■ **What you are asked to do**
From the records below, transcribe exactly the lines that begin at the line with "Avignon - Rhônebrücke" and end at the line with "A Sterling Silver", both included.

■ **Records for the exercise**
------------

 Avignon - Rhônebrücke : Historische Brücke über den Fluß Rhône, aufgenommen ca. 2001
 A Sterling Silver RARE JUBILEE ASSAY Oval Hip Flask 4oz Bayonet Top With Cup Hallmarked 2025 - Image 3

------------

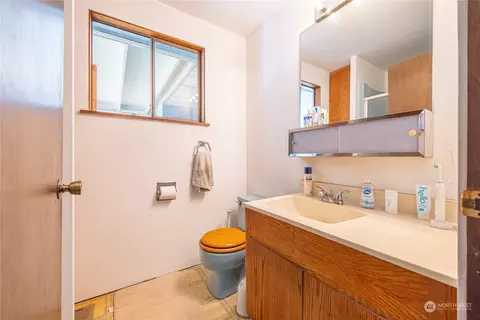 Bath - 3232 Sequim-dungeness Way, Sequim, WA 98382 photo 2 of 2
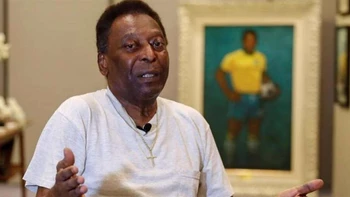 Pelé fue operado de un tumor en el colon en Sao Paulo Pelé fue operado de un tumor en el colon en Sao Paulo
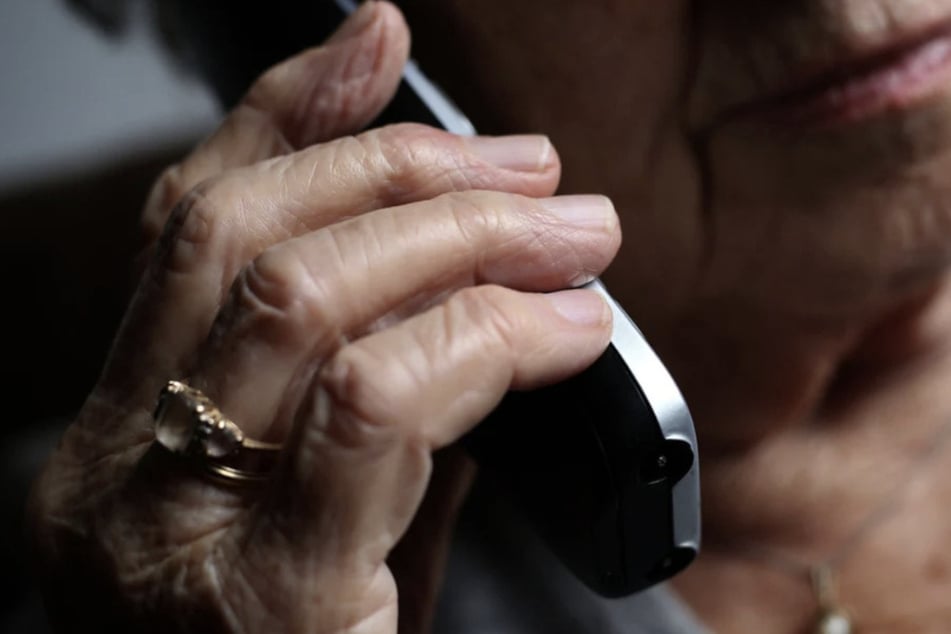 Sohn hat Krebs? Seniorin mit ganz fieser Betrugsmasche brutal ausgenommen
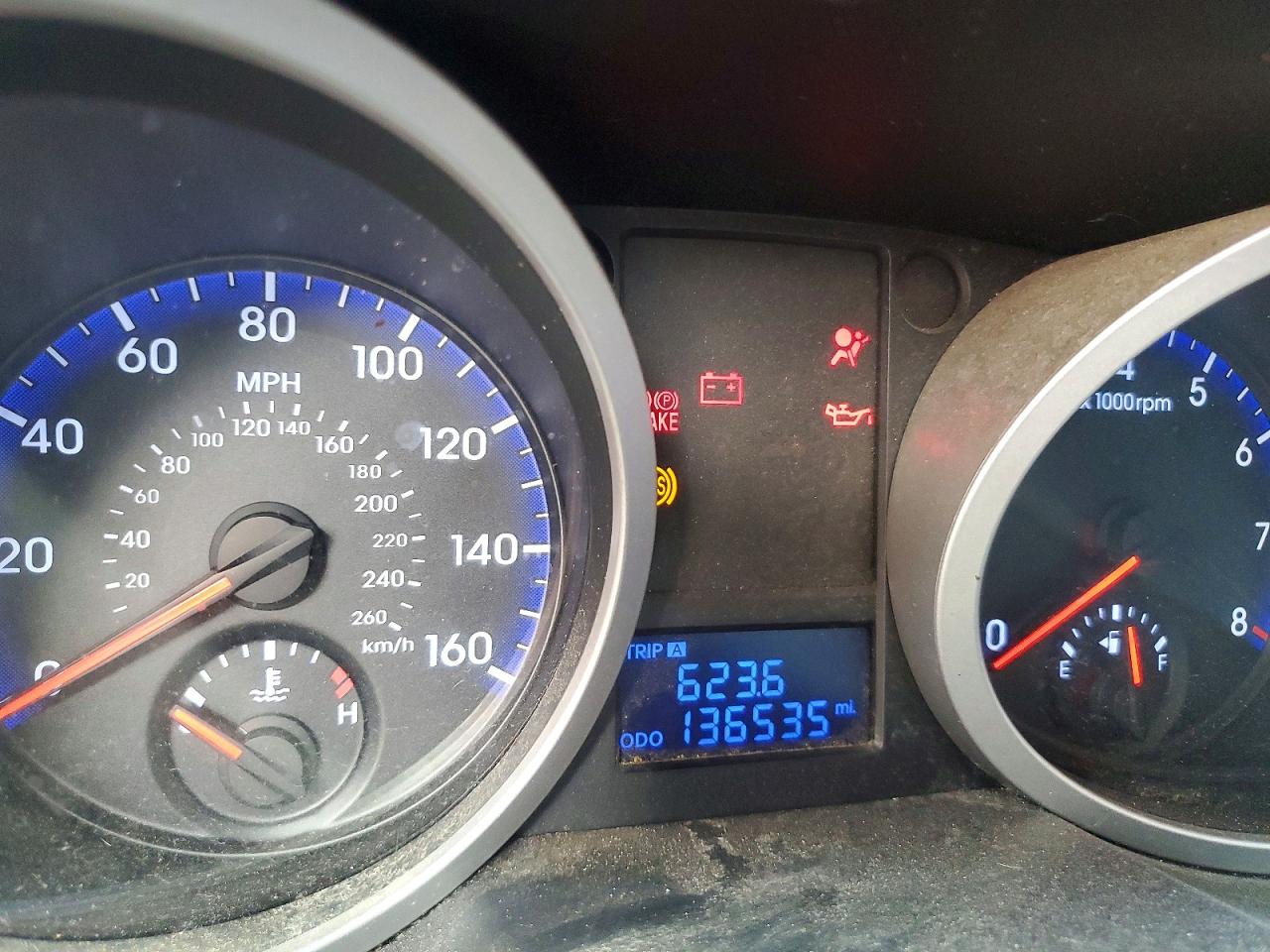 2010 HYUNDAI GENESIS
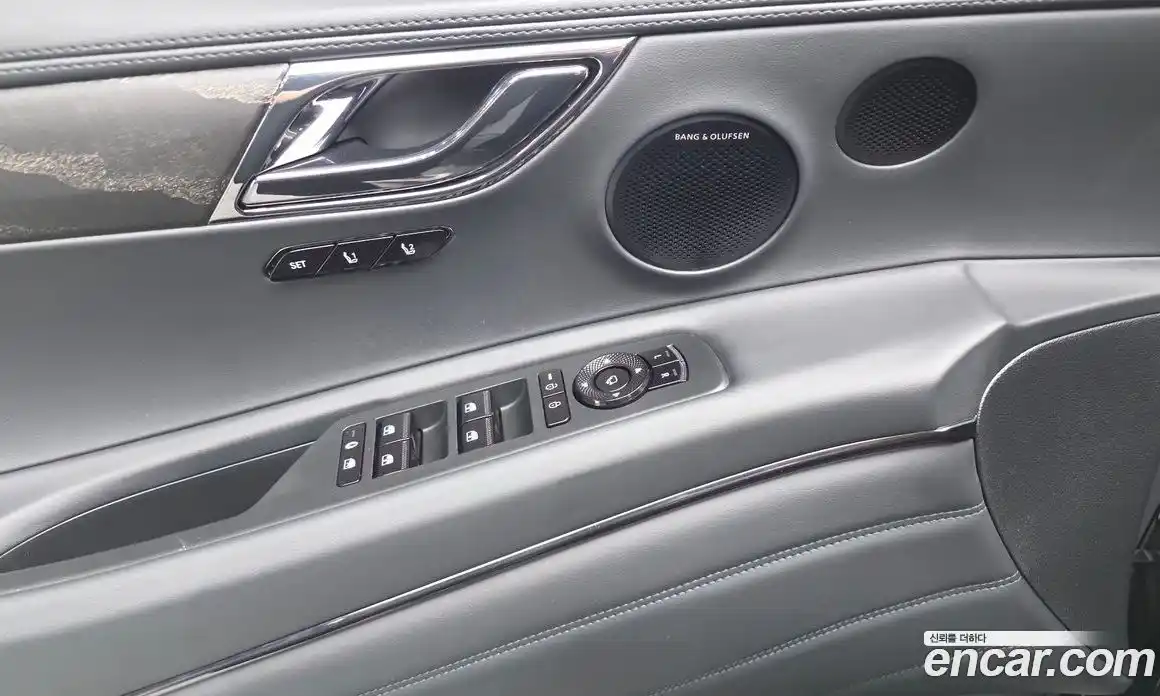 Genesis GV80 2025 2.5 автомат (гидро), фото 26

------------

■ **Result for this exercise**
 Avignon - Rhônebrücke : Historische Brücke über den Fluß Rhône, aufgenommen ca. 2001
 A Sterling Silver RARE JUBILEE ASSAY Oval Hip Flask 4oz Bayonet Top With Cup Hallmarked 2025 - Image 3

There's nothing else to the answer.